Nothing may be dropped. Retype the whole listing exactly.

☆ ☆ ☆ ☆ ☆ ☆ ☆

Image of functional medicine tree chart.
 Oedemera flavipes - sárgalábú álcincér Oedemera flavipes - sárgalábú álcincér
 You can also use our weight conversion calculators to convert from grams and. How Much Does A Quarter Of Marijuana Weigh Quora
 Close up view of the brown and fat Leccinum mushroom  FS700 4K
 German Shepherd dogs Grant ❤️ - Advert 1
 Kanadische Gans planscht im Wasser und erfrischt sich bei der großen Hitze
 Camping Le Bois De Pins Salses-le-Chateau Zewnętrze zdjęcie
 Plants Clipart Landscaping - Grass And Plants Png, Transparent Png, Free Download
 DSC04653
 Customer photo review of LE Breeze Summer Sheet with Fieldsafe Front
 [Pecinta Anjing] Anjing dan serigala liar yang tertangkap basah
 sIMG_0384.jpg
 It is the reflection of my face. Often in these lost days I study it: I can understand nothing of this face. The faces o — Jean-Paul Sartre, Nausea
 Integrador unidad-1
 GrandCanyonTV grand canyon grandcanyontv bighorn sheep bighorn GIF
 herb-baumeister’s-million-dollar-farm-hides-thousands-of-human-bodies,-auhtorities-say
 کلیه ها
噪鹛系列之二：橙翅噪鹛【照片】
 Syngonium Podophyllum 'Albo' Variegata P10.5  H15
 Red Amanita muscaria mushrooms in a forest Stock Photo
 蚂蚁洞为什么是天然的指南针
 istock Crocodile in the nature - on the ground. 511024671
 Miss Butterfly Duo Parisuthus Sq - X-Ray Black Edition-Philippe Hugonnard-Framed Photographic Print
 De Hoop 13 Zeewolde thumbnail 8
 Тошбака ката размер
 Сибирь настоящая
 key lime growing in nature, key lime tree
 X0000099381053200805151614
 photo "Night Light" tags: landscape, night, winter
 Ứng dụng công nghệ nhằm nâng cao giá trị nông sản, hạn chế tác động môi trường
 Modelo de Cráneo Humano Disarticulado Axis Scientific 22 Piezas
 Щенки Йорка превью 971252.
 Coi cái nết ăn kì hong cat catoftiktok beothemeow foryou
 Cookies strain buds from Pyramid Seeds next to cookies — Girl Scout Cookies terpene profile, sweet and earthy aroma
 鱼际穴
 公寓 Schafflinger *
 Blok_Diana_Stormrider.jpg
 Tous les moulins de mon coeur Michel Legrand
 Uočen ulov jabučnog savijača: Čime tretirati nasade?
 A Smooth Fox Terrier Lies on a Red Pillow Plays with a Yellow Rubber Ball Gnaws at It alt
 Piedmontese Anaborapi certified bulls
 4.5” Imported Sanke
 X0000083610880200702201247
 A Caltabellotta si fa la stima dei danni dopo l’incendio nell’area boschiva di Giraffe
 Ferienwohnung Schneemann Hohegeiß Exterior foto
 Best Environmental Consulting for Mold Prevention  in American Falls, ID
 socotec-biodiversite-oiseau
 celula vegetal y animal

☆ ☆ ☆ ☆ ☆ ☆ ☆

— Solution to this task —
Image of functional medicine tree chart.
 Oedemera flavipes - sárgalábú álcincér Oedemera flavipes - sárgalábú álcincér
 You can also use our weight conversion calculators to convert from grams and. How Much Does A Quarter Of Marijuana Weigh Quora
 Close up view of the brown and fat Leccinum mushroom  FS700 4K
 German Shepherd dogs Grant ❤️ - Advert 1
 Kanadische Gans planscht im Wasser und erfrischt sich bei der großen Hitze
 Camping Le Bois De Pins Salses-le-Chateau Zewnętrze zdjęcie
 Plants Clipart Landscaping - Grass And Plants Png, Transparent Png, Free Download
 DSC04653
 Customer photo review of LE Breeze Summer Sheet with Fieldsafe Front
 [Pecinta Anjing] Anjing dan serigala liar yang tertangkap basah
 sIMG_0384.jpg
 It is the reflection of my face. Often in these lost days I study it: I can understand nothing of this face. The faces o — Jean-Paul Sartre, Nausea
 Integrador unidad-1
 GrandCanyonTV grand canyon grandcanyontv bighorn sheep bighorn GIF
 herb-baumeister’s-million-dollar-farm-hides-thousands-of-human-bodies,-auhtorities-say
 کلیه ها
噪鹛系列之二：橙翅噪鹛【照片】
 Syngonium Podophyllum 'Albo' Variegata P10.5  H15
 Red Amanita muscaria mushrooms in a forest Stock Photo
 蚂蚁洞为什么是天然的指南针
 istock Crocodile in the nature - on the ground. 511024671
 Miss Butterfly Duo Parisuthus Sq - X-Ray Black Edition-Philippe Hugonnard-Framed Photographic Print
 De Hoop 13 Zeewolde thumbnail 8
 Тошбака ката размер
 Сибирь настоящая
 key lime growing in nature, key lime tree
 X0000099381053200805151614
 photo "Night Light" tags: landscape, night, winter
 Ứng dụng công nghệ nhằm nâng cao giá trị nông sản, hạn chế tác động môi trường
 Modelo de Cráneo Humano Disarticulado Axis Scientific 22 Piezas
 Щенки Йорка превью 971252.
 Coi cái nết ăn kì hong cat catoftiktok beothemeow foryou
 Cookies strain buds from Pyramid Seeds next to cookies — Girl Scout Cookies terpene profile, sweet and earthy aroma
 鱼际穴
 公寓 Schafflinger *
 Blok_Diana_Stormrider.jpg
 Tous les moulins de mon coeur Michel Legrand
 Uočen ulov jabučnog savijača: Čime tretirati nasade?
 A Smooth Fox Terrier Lies on a Red Pillow Plays with a Yellow Rubber Ball Gnaws at It alt
 Piedmontese Anaborapi certified bulls
 4.5” Imported Sanke
 X0000083610880200702201247
 A Caltabellotta si fa la stima dei danni dopo l’incendio nell’area boschiva di Giraffe
 Ferienwohnung Schneemann Hohegeiß Exterior foto
 Best Environmental Consulting for Mold Prevention  in American Falls, ID
 socotec-biodiversite-oiseau
 celula vegetal y animal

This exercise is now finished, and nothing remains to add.